You know what? I think a lot of Vienna Teng songs have extraordinarily good parts in them, and then some other parts that I don’t like. “taste of dried-up hopes in my mouth” I really like, but the chorus not so much. “like a phoenix you rise from the ashes” i like very very much, but “heyyyyy” at the end I don’t like so much. I think that “heyyyyeyyeyyyeyyy” kind of thing comes across much better for her live, so maybe that’s why she’s gone with the “I will sing in a whisper, as if I am lying down on the floor” approach with her newest CD. I think this because I perceive that my own singing comes across better live than in recordings, not because I actually know anything about Vienna Teng. No, that’s being unfair to myself, I’ve seen her perform like 6 times. She’s really good live. (As a contrast I think Guster comes across better on CD–well, Ryan’s voice at least. But who knows; maybe the times I saw Vienna live she was really awesome and the times I saw Guster live he was really tired or something.)
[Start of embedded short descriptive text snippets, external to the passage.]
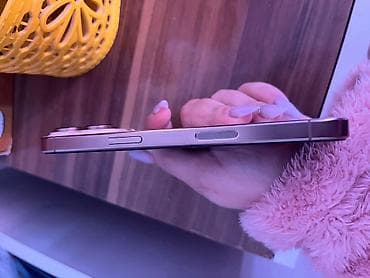 isti su: IPhone 16 Pro, 128 GB, Desert Titanium — 3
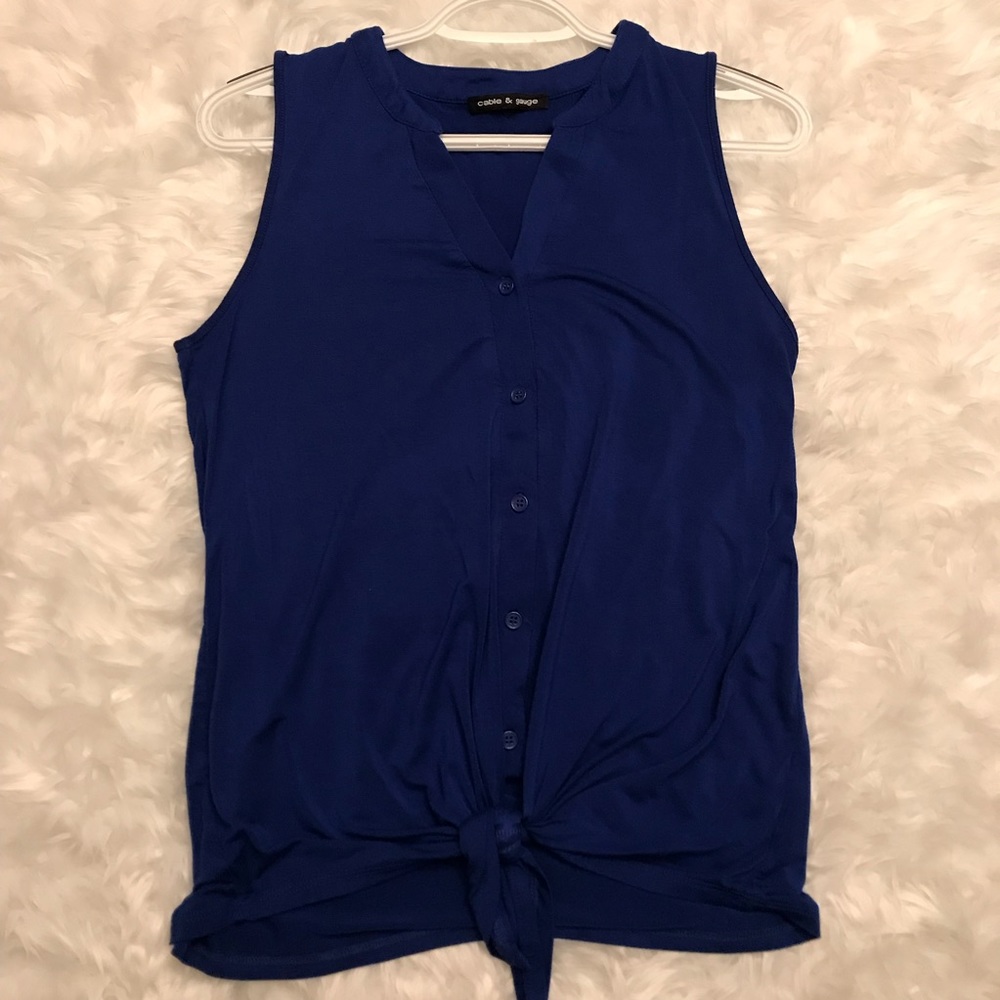 Cable & Guage blue button down, tie front tank top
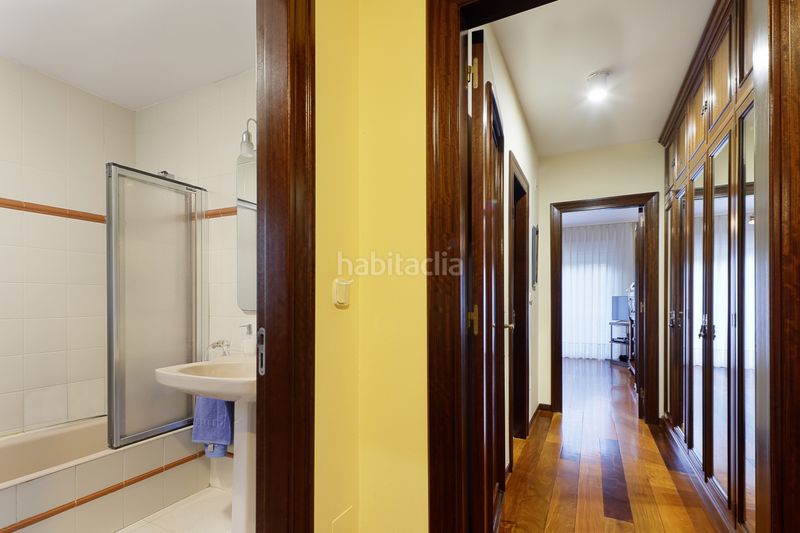 Foto 6bc8e632-9b2b-48f2-89f7-e0e11bab7a91. Casa amb calefacció aparcament a Somió Gijón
Someone random left a comment on my flickr of David Berkeley singing with Vienna Teng, and besides demonstrating my internet savvy by nounifying “flickr,” I went and obediently downloaded the link to the interview she did of him on her podcast/website. Apparently her podcast is … interviewing many many many many different singer/songwriters. The only other one I recognized after a quick glance was Kyler England, whose podcast file was missing alas, and who I only know because she opened for Vienna Teng (and sang harmony on city hall on the album). There are many many many singer/songwriters out there trying to make it in the world. I, being part of the ‘general [ignorant] population,’ only hear about the ones that make it somehow, and thus about the ones that tour with the ones that make it somehow, and this is such a small small segment of all the ones out there that it is depressing. There is so much good music out there, how could you possibly listen to it all? Or even find out about it in the first place? How do people find it in them to create things out of nothing like this? No, of course a song isn’t created out of nothing, you must practice your instrument to be familiar enough with it to play it while you sing, and surely there is a learning process in weaving melodies together, and if you mean to write a meaningful song it must be born of some kind of interesting thought. It just seems so… intangible, not like carting cement somewhere and building a house with it. Obviously.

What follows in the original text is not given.